CHICAGO The no man's land where edge access meets core transport is fertile ground for ideas on how to get data-aware Sonet, Gigabit Ethernet and multiprotocol label-switched (MPLS) traffic flows to work together. Scores of OEMs and startups at Supercomm 2004 this week will be busy seeding this field in an attempt to lower the cost of the edge boxes while enhancing their service capabilities.
To enable this new generation of converged networks and services, equipment vendors are relying on such maturing encapsulation techniques as generic framing procedure (GFP) and virtual concatenation. They are also incorporating newer concepts that stretch MPLS from a core-networking to a metro edge-based technology.

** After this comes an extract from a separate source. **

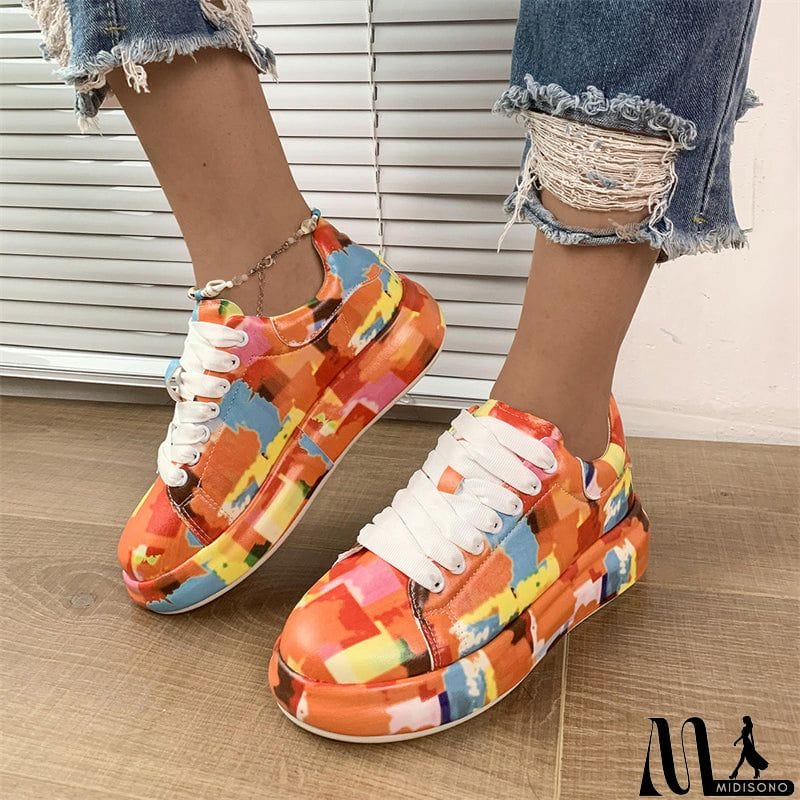 MidiSono - Lady Trendy Outdoor Casual Graffiti Lace-up Sneakers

This is hardly a safe haven for startups, but Mangrove Systems, Turin Networks and Mahi Networks are among the young companies combining elements of fiber transport systems and multiservice provisioning platforms for this murky realm between edge and core.
"The maturation of Sonet data encapsulation methods like GFP and virtual concatenation really made a difference," said Jonathan Reeves, founder of Mangrove Systems Inc. Mangrove had been dropping hints in recent months about its interest in GFP over passive optical, in pseudo wire emulation of services over Internet Protocol (IP) flows and in GFP as a road to the long-awaited generalized MPLS (G-MPLS). All of these goals center on a metropolitan redefinition of MPLS, which is commonly seen as a core-related switching standard for IP flows, Reeves said. Mangrove's larger Barracuda and smaller Piranha platforms implement what the company calls MetroMPLS, extending the utility of the switching to access systems based on either Sonet or Ethernet.
This implies the end of segregation between multiservice Layer 2 switching functions and transport functions at Layers 0 and 2, Reeves said. That proposal will find little dissent at Turin Networks Inc. or Mahi Networks Inc., which claim their new expanded systems must span switching and transport to be effective.